In a class of students, 6 students can speak Hindi, 15 can speak English, and…
2019
In a class of students, 6 students can speak Hindi, 15 can speak English, and 6 can speak French. No student can speak any other language. If there are 2 students who can speak only two languages and one student who can speak all three languages, find the total number of students in the class.
- A.
23
- B.
26
- C.
22
- D.
24
Attempted by 101 students.
Show answer & explanation
Correct answer: A
Given: Hindi = 6, English = 15, French = 6. Exactly two languages = 2. All three languages = 1.

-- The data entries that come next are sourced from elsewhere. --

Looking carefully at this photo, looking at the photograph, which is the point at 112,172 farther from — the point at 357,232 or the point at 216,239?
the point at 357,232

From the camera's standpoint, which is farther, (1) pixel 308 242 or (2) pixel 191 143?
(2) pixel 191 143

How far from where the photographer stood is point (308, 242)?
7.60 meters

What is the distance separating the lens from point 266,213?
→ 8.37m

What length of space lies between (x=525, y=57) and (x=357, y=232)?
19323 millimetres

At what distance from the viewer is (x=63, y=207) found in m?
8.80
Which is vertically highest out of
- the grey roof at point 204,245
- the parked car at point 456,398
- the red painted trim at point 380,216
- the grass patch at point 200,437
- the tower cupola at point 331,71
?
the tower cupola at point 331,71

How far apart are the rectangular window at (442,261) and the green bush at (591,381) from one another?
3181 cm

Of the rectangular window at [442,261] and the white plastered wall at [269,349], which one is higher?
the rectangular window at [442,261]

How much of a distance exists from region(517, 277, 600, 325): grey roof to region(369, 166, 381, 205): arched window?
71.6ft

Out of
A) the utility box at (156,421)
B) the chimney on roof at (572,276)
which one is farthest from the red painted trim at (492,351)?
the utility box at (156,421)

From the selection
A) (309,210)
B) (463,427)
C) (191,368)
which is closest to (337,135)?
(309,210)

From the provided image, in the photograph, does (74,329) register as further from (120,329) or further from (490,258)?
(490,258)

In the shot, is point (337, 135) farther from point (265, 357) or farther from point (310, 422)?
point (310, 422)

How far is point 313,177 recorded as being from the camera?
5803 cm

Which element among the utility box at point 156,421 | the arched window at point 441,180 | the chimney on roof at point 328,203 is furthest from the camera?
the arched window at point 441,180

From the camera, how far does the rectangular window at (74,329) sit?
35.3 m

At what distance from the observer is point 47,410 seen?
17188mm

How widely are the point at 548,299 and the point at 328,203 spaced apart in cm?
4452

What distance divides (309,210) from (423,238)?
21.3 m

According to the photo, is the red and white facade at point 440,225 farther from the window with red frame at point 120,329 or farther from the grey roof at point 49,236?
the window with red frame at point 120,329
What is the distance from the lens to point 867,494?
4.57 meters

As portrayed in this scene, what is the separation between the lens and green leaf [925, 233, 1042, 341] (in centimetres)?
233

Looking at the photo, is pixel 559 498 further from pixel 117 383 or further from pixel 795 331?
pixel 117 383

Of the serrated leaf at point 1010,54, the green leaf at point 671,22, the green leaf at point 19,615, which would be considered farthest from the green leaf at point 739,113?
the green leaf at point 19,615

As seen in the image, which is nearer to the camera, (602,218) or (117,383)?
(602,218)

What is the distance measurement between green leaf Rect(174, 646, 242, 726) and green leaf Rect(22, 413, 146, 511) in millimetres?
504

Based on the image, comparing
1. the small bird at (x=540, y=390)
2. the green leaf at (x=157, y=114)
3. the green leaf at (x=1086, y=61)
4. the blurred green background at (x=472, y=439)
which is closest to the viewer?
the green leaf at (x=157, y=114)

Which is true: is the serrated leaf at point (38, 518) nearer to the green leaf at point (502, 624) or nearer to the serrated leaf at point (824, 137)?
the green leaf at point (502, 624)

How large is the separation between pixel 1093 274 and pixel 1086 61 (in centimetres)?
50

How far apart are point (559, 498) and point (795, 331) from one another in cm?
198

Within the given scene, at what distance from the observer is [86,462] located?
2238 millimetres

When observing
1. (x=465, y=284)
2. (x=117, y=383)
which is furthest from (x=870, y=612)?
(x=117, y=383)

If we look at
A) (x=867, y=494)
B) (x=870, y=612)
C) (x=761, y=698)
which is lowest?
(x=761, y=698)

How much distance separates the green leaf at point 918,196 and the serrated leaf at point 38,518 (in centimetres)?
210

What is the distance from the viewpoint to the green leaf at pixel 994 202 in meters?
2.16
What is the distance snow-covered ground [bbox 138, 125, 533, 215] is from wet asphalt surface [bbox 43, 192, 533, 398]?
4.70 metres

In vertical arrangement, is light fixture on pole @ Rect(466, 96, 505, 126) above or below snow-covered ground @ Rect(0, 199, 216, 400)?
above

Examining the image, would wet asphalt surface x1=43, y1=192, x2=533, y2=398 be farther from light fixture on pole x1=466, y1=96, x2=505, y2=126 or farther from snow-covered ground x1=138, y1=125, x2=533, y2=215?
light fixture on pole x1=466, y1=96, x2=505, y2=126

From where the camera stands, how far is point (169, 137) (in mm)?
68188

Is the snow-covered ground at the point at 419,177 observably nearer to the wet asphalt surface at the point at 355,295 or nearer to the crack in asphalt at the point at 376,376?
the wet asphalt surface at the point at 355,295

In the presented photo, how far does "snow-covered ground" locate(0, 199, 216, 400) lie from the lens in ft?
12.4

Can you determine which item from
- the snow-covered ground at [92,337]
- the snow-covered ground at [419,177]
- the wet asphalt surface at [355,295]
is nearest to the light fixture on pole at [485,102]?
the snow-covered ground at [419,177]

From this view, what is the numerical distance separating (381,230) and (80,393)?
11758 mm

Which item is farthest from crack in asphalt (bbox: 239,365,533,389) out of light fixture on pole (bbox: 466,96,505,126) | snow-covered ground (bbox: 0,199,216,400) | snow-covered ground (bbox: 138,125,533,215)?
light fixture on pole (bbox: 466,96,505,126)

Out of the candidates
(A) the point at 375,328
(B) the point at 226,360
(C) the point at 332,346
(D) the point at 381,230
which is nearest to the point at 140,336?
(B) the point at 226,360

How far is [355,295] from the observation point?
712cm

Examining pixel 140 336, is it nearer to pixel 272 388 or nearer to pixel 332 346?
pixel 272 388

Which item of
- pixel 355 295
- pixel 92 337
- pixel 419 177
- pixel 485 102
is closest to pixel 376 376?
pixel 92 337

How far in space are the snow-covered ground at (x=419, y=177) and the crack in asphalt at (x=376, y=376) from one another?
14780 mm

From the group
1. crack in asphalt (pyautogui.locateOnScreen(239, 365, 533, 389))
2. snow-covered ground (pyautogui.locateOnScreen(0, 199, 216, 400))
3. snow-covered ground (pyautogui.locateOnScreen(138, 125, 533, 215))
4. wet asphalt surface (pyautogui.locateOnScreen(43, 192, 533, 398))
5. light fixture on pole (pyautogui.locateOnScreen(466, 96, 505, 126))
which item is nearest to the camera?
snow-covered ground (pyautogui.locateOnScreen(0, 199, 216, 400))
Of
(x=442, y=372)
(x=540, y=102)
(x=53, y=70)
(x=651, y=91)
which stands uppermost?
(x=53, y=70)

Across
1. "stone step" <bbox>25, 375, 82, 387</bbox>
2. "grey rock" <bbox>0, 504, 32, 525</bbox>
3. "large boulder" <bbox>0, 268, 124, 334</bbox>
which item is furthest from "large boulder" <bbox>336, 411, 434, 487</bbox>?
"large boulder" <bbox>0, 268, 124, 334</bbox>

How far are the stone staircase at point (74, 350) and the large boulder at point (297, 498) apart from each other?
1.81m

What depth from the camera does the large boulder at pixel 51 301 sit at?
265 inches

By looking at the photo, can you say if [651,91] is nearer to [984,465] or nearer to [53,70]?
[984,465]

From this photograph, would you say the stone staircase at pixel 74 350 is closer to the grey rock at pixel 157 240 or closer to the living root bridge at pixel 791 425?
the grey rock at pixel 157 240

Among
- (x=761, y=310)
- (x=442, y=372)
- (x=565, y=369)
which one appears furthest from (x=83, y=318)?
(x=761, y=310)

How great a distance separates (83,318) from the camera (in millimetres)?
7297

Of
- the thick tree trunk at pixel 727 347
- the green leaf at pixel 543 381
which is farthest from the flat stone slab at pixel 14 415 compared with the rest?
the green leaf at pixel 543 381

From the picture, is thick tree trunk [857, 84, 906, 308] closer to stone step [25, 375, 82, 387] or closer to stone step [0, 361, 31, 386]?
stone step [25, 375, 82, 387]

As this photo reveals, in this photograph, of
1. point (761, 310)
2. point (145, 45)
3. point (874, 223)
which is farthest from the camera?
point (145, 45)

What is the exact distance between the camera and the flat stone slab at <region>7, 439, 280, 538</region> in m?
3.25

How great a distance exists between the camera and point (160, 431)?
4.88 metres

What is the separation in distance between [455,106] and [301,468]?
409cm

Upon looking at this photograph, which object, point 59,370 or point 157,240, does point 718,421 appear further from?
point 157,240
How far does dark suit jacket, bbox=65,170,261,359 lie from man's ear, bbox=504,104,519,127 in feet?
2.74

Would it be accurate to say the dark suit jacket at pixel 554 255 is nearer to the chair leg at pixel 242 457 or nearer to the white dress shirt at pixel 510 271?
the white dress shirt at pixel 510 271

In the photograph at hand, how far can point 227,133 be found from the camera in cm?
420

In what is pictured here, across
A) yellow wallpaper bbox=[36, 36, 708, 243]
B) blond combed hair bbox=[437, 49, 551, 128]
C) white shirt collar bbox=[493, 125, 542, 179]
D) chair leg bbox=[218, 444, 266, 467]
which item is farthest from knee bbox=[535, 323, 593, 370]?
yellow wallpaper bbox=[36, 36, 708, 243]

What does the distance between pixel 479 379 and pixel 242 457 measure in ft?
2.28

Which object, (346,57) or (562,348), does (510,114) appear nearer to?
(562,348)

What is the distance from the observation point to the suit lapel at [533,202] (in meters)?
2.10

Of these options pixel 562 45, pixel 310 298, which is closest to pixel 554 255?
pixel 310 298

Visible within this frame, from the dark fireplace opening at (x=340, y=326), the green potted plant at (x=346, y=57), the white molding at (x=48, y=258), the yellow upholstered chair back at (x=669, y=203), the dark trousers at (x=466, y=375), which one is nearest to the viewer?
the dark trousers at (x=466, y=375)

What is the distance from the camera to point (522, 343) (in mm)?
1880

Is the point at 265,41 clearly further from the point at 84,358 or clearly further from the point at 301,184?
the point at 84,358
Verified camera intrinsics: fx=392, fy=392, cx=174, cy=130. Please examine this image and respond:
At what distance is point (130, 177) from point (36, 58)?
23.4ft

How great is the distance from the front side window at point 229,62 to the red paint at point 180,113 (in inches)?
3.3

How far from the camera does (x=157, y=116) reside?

Method (using total language-counts):
Sum of individual language counts = 6 + 15 + 6 = 27.
This sum equals (number who speak exactly one language) + 2*(number who speak exactly two languages) + 3*(number who speak all three languages).
Let s1 be the number who speak exactly one language. Then s1 + 2*2 + 3*1 = 27 → s1 + 4 + 3 = 27 → s1 = 20.
Total students = s1 + (students who speak exactly two) + (students who speak all three) = 20 + 2 + 1 = 23.
Alternative (union formula) check:
Sum of pairwise intersections (including the triple-counted student in each pair) = (students who speak exactly two) + 3*(students who speak all three) = 2 + 3*1 = 5.
By the union formula: total = 6 + 15 + 6 − 5 + 1 = 23, matching the previous result.
Answer: 23 students